The problem >> From the first line to the last, output the data exactly as it stands, minus its pictures.

________________

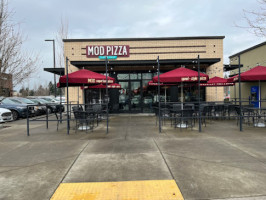 Mod Pizza inside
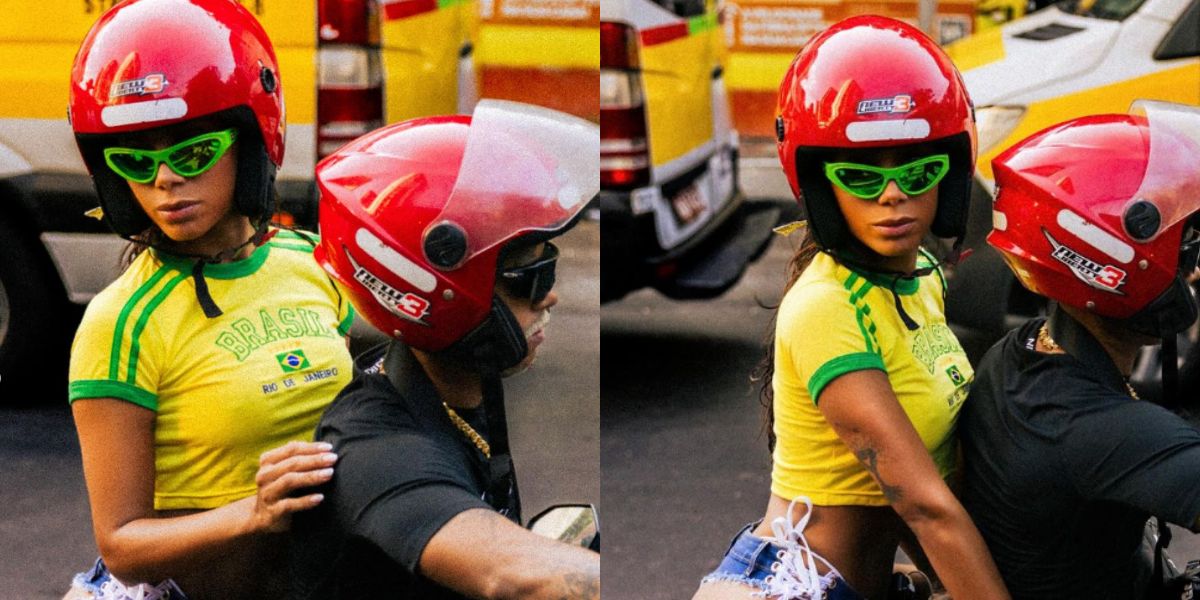 Anitta maakt een motorritje in Brazilië in een short die bijna te veel laat zien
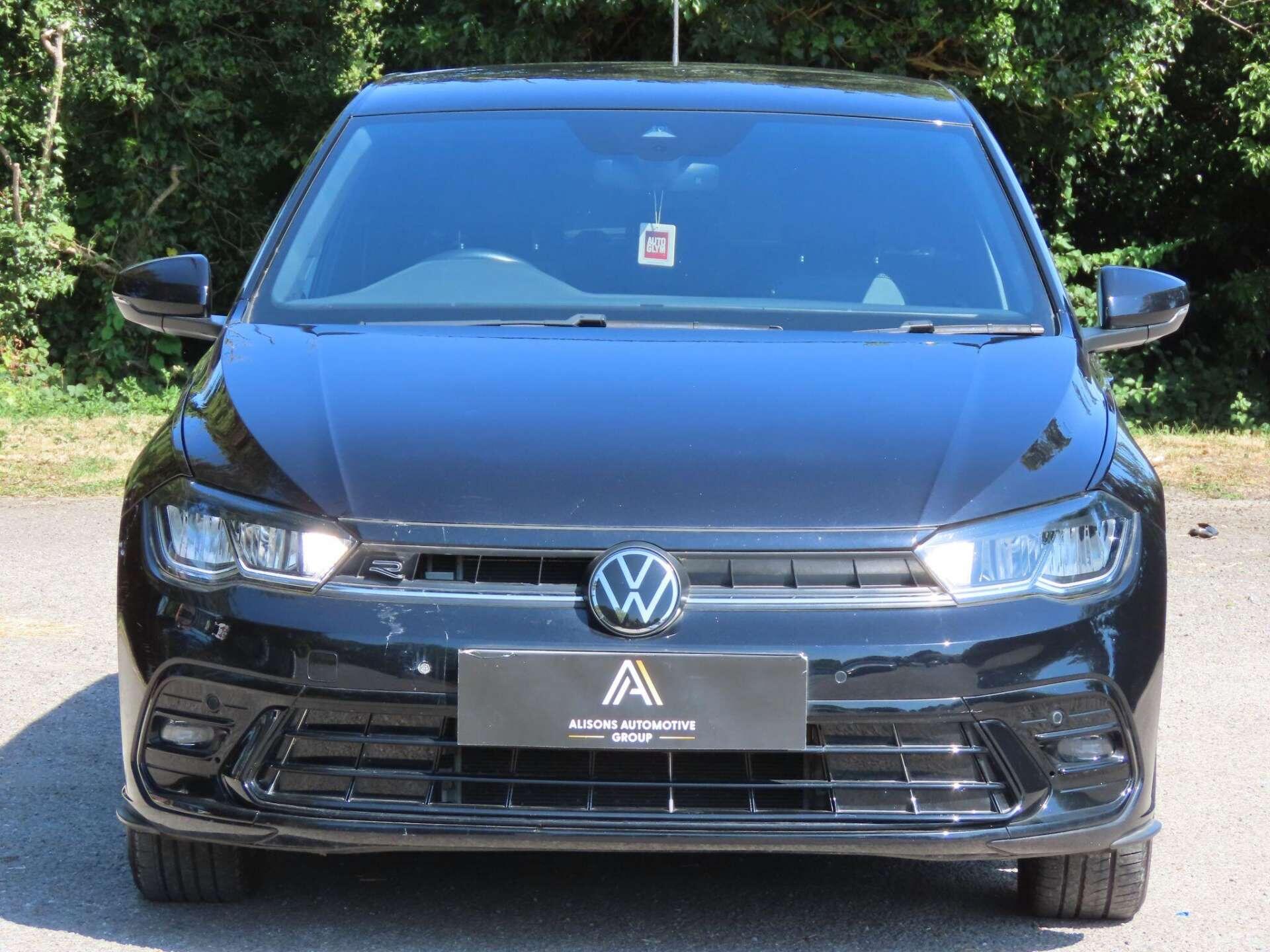 Volkswagen Polo view 2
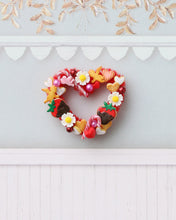 Load image into Gallery viewer, OOAK - Miniature Decorative Valentine&#39;s Garland – Dollhouse 1:12 Scale Handmade Decoration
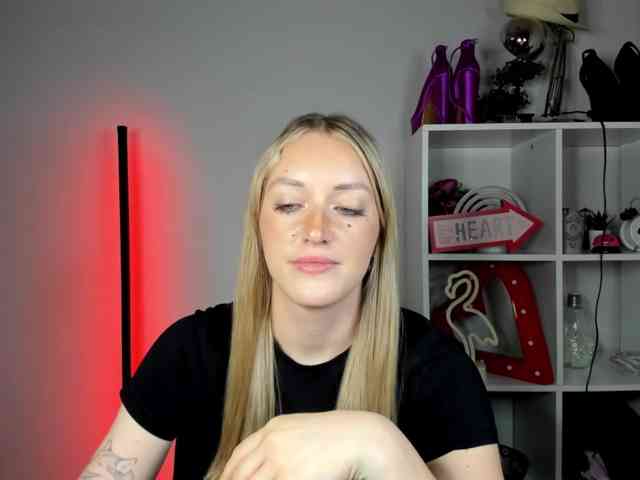 EvelynBlond26 webcam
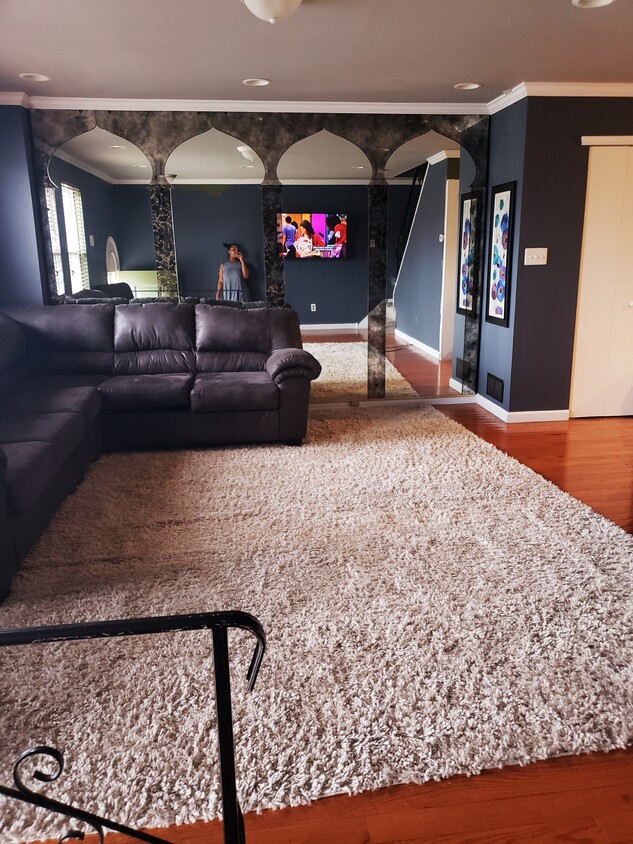 Foto principal - 7813 Midas Pl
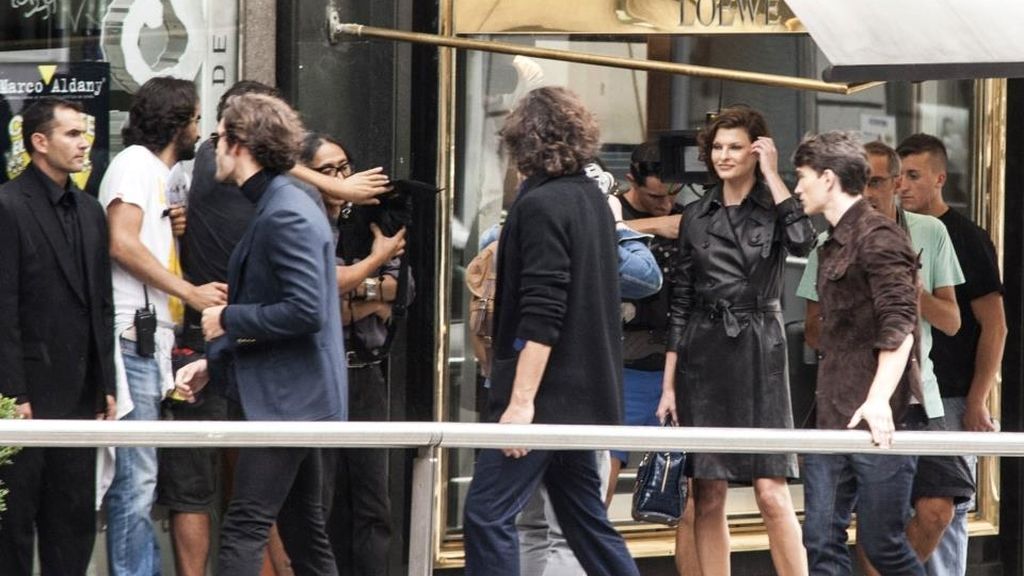 ¿Has visto a Linda Evangelista para Loewe paseando en Gran Vía? Así es el 'making of'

________________

Response box >>
 Mod Pizza inside
 Anitta maakt een motorritje in Brazilië in een short die bijna te veel laat zien
 Volkswagen Polo view 2
 Load image into Gallery viewer, OOAK - Miniature Decorative Valentine&#39;s Garland – Dollhouse 1:12 Scale Handmade Decoration
 EvelynBlond26 webcam
 Foto principal - 7813 Midas Pl
 ¿Has visto a Linda Evangelista para Loewe paseando en Gran Vía? Así es el 'making of'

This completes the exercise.